Velocity – as a measure, combines the two. It measures the number of features you can ship while maintaining quality of service. Kubernetes and ecosystem tools – give you what you need to move quickly while maintaining quality.
@kelseyhightower, Brendan Burns, and Joe Beda explain in “Kubernetes up and running” that there are three core concepts baked into Kubernetes that enable velocity. And based on my look back, represent an 180 degree shift and transformation from the best practice of the slow and careful era.
- Immutability – Once an artifact is created, it is not changed by users. Antipattern: change something in a container or application deployed via container. It is better to create a new container and redeploy, than for a human to make a change to a deployed system. This supports a green/blue release process. There is no runbook rollback. There is no “break glass” process for people making changes to deployed systems.
- Declarative configuration – Kubernetes objects define desired state of the system. Kubernetes makes sure the actual state matches the desired state. There is no runbook with a documented series of steps to take. It does not need to be executed to be understood. Its impact is declared.

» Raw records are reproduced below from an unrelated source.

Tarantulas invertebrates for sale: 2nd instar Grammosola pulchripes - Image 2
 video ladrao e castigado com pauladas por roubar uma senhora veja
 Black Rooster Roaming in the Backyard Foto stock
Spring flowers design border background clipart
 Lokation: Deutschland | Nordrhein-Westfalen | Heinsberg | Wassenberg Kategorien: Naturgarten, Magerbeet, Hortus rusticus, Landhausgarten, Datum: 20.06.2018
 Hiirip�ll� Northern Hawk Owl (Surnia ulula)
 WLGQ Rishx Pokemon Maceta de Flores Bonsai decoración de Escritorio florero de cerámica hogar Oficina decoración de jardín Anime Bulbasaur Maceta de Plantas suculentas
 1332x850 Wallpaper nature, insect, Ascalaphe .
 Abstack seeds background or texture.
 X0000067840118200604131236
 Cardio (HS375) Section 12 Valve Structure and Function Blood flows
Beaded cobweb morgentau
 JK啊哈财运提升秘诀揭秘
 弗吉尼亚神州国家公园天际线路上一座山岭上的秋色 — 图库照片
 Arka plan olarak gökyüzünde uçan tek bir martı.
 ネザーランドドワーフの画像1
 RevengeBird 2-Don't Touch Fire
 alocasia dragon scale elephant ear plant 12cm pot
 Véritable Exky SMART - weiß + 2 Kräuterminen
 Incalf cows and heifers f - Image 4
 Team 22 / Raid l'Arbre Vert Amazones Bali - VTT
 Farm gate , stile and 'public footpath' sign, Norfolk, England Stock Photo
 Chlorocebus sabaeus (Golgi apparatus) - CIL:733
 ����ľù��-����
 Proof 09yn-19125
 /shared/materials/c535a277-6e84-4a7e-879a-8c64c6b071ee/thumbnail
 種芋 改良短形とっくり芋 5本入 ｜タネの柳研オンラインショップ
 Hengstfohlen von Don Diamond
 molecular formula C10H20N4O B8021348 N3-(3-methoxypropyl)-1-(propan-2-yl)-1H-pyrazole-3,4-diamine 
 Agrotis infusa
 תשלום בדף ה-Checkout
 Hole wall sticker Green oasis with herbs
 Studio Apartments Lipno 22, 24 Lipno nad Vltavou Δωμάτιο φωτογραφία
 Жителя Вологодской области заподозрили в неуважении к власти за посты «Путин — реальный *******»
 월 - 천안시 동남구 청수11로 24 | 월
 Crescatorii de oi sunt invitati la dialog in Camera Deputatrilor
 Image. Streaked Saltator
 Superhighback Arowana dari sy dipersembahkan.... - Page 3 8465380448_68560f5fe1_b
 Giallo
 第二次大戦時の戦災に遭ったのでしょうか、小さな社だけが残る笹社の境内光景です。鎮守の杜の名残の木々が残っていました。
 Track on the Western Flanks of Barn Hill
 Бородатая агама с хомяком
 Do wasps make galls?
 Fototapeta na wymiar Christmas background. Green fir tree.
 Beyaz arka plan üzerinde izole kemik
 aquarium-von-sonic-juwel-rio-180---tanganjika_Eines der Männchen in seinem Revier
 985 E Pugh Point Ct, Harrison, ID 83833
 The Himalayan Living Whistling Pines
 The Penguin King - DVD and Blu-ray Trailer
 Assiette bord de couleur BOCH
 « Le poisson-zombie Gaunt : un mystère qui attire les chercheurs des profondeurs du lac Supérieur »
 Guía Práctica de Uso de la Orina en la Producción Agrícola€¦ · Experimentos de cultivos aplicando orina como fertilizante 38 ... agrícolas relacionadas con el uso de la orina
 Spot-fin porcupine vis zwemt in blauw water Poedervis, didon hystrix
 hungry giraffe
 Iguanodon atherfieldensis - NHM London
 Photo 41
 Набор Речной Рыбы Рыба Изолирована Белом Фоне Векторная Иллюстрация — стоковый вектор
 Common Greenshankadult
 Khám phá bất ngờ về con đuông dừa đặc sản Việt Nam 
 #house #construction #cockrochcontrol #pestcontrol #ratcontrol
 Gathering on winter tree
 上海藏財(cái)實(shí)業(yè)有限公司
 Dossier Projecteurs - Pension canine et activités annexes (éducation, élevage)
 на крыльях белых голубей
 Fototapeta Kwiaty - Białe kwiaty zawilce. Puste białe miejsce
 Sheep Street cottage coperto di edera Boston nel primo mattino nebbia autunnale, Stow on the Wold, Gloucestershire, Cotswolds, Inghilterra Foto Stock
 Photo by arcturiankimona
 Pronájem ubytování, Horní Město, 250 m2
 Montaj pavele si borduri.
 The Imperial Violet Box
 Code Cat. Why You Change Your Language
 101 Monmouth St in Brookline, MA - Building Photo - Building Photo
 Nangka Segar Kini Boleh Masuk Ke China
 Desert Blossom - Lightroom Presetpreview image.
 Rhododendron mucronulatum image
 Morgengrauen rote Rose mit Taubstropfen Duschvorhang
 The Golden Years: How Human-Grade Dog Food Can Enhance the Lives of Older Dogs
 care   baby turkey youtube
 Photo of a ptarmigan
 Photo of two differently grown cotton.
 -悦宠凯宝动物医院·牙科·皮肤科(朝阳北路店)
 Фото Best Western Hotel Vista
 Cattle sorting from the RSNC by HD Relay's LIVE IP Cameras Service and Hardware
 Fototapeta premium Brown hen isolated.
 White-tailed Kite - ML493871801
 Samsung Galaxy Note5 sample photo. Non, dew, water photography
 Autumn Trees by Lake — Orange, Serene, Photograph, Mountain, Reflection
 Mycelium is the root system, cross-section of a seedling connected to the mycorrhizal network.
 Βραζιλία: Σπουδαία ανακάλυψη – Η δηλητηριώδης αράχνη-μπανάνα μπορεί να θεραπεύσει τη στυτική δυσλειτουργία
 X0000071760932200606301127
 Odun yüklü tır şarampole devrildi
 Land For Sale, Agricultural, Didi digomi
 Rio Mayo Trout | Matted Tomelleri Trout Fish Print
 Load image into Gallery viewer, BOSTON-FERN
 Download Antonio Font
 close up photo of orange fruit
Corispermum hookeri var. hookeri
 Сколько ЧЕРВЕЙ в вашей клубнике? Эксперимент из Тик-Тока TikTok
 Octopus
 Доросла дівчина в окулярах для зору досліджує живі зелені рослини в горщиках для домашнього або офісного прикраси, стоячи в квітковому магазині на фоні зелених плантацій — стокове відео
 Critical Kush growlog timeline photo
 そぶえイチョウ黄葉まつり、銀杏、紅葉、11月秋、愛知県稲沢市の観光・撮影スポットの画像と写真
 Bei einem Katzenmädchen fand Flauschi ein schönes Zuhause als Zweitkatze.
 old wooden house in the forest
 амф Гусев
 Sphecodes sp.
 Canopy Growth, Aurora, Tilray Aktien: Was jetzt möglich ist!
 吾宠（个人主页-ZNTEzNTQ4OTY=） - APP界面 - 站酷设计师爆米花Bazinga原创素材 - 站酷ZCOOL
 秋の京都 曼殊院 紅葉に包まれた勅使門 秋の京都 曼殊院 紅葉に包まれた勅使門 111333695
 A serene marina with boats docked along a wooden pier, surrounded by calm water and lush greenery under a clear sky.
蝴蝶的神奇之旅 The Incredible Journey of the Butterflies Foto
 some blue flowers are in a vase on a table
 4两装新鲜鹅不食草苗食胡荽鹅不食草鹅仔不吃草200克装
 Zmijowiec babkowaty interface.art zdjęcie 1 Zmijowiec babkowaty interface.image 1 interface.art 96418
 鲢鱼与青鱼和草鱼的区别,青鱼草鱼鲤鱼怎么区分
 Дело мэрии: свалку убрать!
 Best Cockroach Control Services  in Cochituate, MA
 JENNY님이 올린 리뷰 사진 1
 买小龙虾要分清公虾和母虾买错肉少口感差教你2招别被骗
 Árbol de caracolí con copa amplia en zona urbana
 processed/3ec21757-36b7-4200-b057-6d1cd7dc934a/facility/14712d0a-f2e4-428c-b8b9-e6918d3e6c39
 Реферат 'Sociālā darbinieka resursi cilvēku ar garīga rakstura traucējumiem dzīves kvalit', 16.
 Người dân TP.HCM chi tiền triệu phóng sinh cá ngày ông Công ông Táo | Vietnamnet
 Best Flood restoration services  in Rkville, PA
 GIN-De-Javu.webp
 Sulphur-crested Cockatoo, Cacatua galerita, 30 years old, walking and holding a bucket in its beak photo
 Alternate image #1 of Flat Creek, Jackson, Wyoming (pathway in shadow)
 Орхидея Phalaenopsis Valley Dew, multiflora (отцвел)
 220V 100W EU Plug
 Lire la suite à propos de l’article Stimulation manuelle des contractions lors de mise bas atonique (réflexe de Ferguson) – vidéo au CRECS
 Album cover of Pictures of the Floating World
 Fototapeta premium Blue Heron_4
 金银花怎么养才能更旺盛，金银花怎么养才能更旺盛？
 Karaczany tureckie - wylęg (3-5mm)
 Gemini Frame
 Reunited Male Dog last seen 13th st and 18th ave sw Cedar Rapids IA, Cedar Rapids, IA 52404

- Self-healing – Kubernetes includes a controller-manager that continuously takes actions to make sure current state matches desired state. People don’t repair (e.g. make changes) via mitigation steps performed in response to an alert or change request. Kubernetes consistently and repeatedly takes actions to ensure current state matches desired state.
Runbooks are replaced by Immutability and declarative configuration. Self-healing replaces “break glass” production repair processes.
I believe Kubernetes is more than a container orchestrator. Velocity enabled by Kubernetes represents a new IT operating model for how applications are built and managed.
I’m excited to see what’s up at KubeCon this year.
Stop by Booth P18 to see how Cisco participates in the Kubernetes community, and offers powerful network and management solutions to help you deploy production grade Kubernetes in your organization.
Kubernetes stands on the shoulders of giants, so to speak. Some key stepping stones and enables that make Kubernetes possible and popular now, include:
- DevOps – culture shift and automation tools that implement the idea that you can speed up AND increase service quality.
- Virtualization – VMs abstract applications from infrastructure.
- Infrastructure as code – configuration tools that help maintain desired state
- Cloud computing – infrastructure services for rent called via API
- Software Defined Datacenter – compute, storage and network via API in an on premises infrastructure.
- Containers – immutable images that bundle an application and all of its dependencies.